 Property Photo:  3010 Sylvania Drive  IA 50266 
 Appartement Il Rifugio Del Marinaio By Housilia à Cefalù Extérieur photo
::::::::::
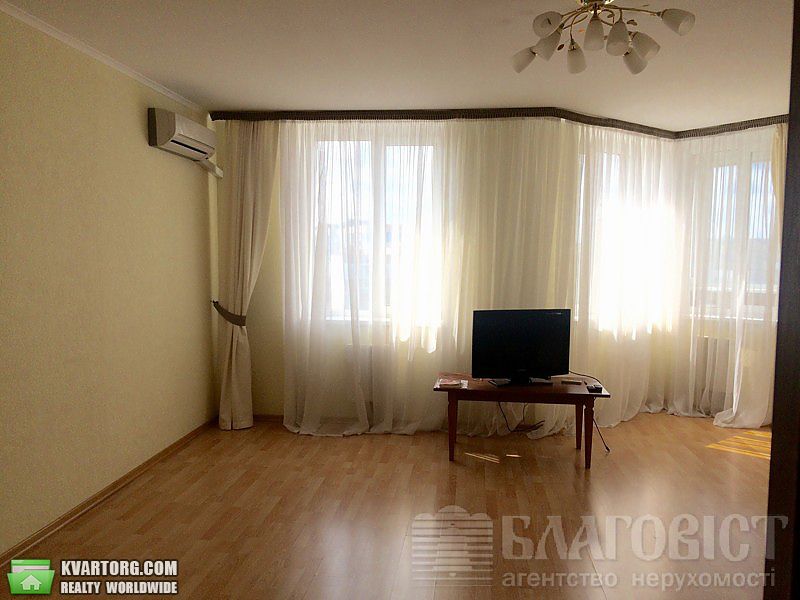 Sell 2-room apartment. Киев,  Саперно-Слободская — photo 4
::::::::::
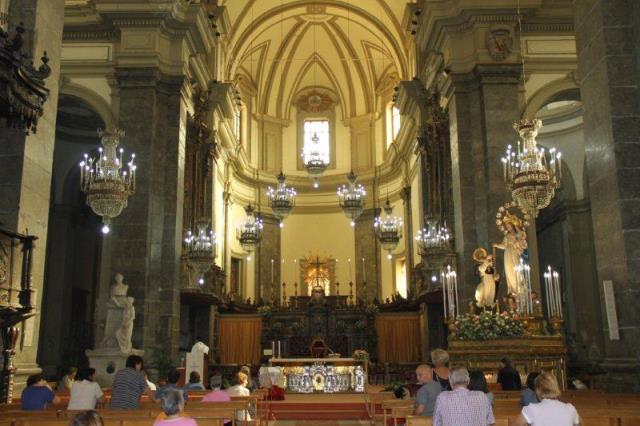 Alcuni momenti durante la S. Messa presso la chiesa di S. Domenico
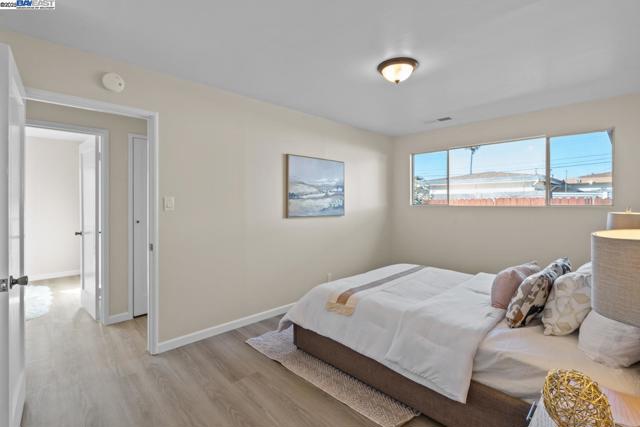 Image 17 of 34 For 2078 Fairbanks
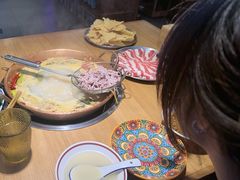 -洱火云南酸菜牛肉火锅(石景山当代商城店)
::::::::::
Task details: Whatever else the listing above holds, retype exactly only the lines from the one containing "3010 Sylvania Drive" to the one containing "Appartement Il Rifugio", both ends kept.

Solution to this problem:
 Property Photo:  3010 Sylvania Drive  IA 50266 
 Appartement Il Rifugio Del Marinaio By Housilia à Cefalù Extérieur photo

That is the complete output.